We see that with optimization, the program can read data from cache at 6500 bytes/us = 6.5 bytes/ns = 6.5GB/s, an impressive rate.
Then, when the array is too big to fit in cache (over 1MB), the rate falls to about 3GB/s, still an impressive rate but only half the rate above. This is the rate of reading data from memory.
Since the rate has fallen to half, we see that half the time is spent waiting for memory in this case.
In the un-optimized run, the rate is about 1.5 GB/s, even from cache. This is about ¼ the rate from cache in the optimized run, so we conclude that the unoptimized loop has 4 times as many instructions in it as the optimized loop, showing the importance of optimization here. With the big slowdown caused by all the “extra” instructions in the loop, the memory has time to mobilize the next cache line while the previous one is being processed. Prefetching is going on here. We have not officially covered prefetching, however. Our “official CPU” doesn’t do prefetching. It send an address out on the bus and then waits for the cache line to finish coming in before doing the next bus cycle.
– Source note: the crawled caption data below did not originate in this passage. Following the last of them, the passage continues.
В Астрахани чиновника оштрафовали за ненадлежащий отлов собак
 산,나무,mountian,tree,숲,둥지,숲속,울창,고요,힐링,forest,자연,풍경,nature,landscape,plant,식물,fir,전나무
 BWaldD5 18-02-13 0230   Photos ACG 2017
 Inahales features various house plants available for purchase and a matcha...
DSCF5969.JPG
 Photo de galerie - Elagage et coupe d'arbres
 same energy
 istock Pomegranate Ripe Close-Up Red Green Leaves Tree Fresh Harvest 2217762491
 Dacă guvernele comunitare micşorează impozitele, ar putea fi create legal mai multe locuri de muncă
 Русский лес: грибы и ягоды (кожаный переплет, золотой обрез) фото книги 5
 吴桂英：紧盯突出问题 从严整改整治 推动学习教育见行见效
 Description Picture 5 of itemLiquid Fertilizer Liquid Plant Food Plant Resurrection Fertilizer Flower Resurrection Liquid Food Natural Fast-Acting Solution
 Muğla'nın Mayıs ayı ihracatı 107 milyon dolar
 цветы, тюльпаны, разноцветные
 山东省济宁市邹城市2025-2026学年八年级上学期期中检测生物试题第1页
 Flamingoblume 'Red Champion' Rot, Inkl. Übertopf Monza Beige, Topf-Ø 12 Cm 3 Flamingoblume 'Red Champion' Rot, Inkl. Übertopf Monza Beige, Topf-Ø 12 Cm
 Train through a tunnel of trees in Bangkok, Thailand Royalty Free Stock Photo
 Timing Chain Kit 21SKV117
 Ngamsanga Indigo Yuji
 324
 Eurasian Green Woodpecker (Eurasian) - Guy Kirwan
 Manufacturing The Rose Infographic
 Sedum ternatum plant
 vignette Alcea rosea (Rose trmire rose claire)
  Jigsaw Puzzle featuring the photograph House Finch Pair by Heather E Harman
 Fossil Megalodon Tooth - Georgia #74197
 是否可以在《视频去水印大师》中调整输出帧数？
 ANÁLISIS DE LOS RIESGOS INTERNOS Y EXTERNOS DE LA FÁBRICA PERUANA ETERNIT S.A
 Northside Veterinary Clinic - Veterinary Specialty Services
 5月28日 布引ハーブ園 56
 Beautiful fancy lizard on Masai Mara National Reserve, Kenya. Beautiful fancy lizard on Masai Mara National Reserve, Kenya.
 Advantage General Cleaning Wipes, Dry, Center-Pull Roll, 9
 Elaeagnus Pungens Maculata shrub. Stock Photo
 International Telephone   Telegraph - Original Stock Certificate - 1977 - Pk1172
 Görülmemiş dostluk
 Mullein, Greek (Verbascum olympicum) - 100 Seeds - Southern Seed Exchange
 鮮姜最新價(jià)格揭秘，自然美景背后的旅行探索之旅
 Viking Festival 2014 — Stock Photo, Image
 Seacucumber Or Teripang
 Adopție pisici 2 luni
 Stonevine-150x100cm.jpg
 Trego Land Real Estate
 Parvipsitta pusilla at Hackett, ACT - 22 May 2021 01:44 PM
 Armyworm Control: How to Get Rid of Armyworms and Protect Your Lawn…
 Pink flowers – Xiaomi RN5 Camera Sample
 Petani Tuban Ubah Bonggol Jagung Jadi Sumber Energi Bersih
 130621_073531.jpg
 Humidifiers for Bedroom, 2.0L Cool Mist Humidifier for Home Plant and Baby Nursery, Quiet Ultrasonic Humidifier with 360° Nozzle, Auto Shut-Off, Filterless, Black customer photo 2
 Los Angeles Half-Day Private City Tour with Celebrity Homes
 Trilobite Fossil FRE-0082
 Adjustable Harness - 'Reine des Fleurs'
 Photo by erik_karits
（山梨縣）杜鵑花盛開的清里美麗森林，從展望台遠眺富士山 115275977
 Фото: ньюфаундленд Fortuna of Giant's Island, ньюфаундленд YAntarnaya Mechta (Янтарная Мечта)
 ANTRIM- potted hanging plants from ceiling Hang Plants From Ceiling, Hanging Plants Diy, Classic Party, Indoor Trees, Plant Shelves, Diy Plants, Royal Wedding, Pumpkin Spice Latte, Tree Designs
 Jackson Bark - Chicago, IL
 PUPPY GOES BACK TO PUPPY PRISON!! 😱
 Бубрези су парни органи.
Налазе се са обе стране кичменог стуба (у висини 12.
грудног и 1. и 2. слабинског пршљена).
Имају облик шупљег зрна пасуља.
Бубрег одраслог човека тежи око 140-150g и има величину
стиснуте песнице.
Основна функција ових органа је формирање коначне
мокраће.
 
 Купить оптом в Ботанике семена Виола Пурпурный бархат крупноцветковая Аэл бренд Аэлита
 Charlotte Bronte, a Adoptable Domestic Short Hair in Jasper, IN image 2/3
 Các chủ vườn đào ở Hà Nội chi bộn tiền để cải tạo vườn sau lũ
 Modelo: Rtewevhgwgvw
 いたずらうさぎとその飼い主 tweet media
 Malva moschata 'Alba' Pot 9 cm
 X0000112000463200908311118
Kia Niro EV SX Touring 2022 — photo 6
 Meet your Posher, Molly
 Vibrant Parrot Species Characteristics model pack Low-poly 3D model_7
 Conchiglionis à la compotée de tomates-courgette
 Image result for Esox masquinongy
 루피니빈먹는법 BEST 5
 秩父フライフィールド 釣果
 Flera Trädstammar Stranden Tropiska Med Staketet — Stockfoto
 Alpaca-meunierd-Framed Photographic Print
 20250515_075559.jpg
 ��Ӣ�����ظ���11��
hw4 #5: Note that this problem should have given a cache line size as part of its setup. We looked at the computations assuming a 64-byte cache line (as is the case on sf06). It’s important to keep in mind that memory access is always done in cache lines. See the hw4 solution.
Earlier hw trouble area: bits and masks in C. See hw3 #1 solution.
Midterm Review
The exam is open book, notes, handouts. You can bring printouts of hw solutions, etc.
Note that the syllabus and lecture list (in the class web page) have been updated to show the actual sections in P&H that we covered and when. The syllabus shows the subsets of pages where applicable.
We went over the sections—some comments relative to exam:
--don’t worry about interpreting assembler output from the cross compiler (it’s too messy)
--I won’t ask about how SPIM does things, just about the code/memory itself.
--you’ll need to write only snippets of assembly code, but should be able to read somewhat larger portions.